But for projects with a native token, this means war.

What Are The Curve Wars? Curve Wars Explained

The Curve Wars is where the above tokenomics comes into play on a macro scale. It’s in every projects’ interest to make their token as liquid and easily available for exchange as possible in the marketplace (Curve Finance in this case). Most projects reward liquidity providers with their native token, but this can get expensive and isn’t always lucrative. With Curve, liquidity can be incentivised by getting a higher yield of CRV rewards if the project has enough veCRV.

This fight for yield by acquiring veCRV is what is famously called the Curve Wars. These wars now have layers of various protocols streamlining the process while eliminating the shortcomings of CRV’s tokenomics. Additionally, over time the war is unanimously believed to have shifted to Convex Finance, which has attracted the majority of CRV tokens.

Convex Finance

Convex has emerged as a leader in the Curve Wars, but with a different motive. While many projects’ goals are to attract liquidity for its pool, Convex is a layer on the Curve model that makes it easier for retail users to earn by providing liquidity.

On Curve Finance, you can lock $CRV to boost your rewards and earn trading fees, but the veCRV amount required for locking, and the locking period of 4 years is incredibly prohibitive to smaller investors. This is the gap Convex fills, aggregating CRV from all liquidity providers to deliver the maximum yield.

crv locked overtime

Beyond this, every CRV token staked is exchangeable for cvxCRV on Convex, making the Curve token liquid unlike the 4 year lock-in on Curve. This made Convex the go-to choice for people that couldn’t buy a lot of CRV for maximum yield, or bear the lost opportunity cost of locking up tokens for 4 years. It’s not surprising that Convex now has a $146 million TVL (total value locked) in CRV – more than half the circulating CRV supply.

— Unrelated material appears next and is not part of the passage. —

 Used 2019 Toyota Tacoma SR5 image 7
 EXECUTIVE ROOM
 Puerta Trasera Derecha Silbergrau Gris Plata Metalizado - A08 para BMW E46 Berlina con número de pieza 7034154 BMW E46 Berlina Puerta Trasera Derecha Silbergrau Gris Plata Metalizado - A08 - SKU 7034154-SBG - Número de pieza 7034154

Upon staking CRV on Convex, cvxCRV is issued, which can be staked for all the benefits that a liquidity provider gets on the Curve platform while also receiving CVX tokens as a reward. The battleground for the Curve wars changed here. Convex Finance now commands a majority share of CRV tokens and can single handedly influence governance proposals to maximize yields on Curve pools.

However, as you can guess, Convex Finance also has a DAO voting structure where CVX can be used to vote on how Convex should put its veCRV to use. These decisions are then executed by Convex on Curve’s DAO through votes. For protocols who want more liquidity on their token, it now makes more sense to acquire CVX tokens instead of CRV tokens. ‘Bribes’ to CVX holders have also become a popular method to add liquidity, and thus we can conclusively say the Curve Wars are now being fought on Convex’s turf.

The Spoils Of War

There are more warriors fighting for the CRV pie including StakeDAO, Abracadabra, and protocols like Votium that are building on top of Convex to bring peace to the Curve Wars. While ‘wars’ and ‘bribes’ aren’t much to cheer about, for crypto nuts they’re akin to goldmines.

A two year old project called Curve shook the mechanics of liquidity in crypto forever. New projects are continuously adding value, and at the center of it are the people calling the shots through DAO governance. If this still isn’t the decentralized finance we’re building towards, it certainly is a step in the right direction.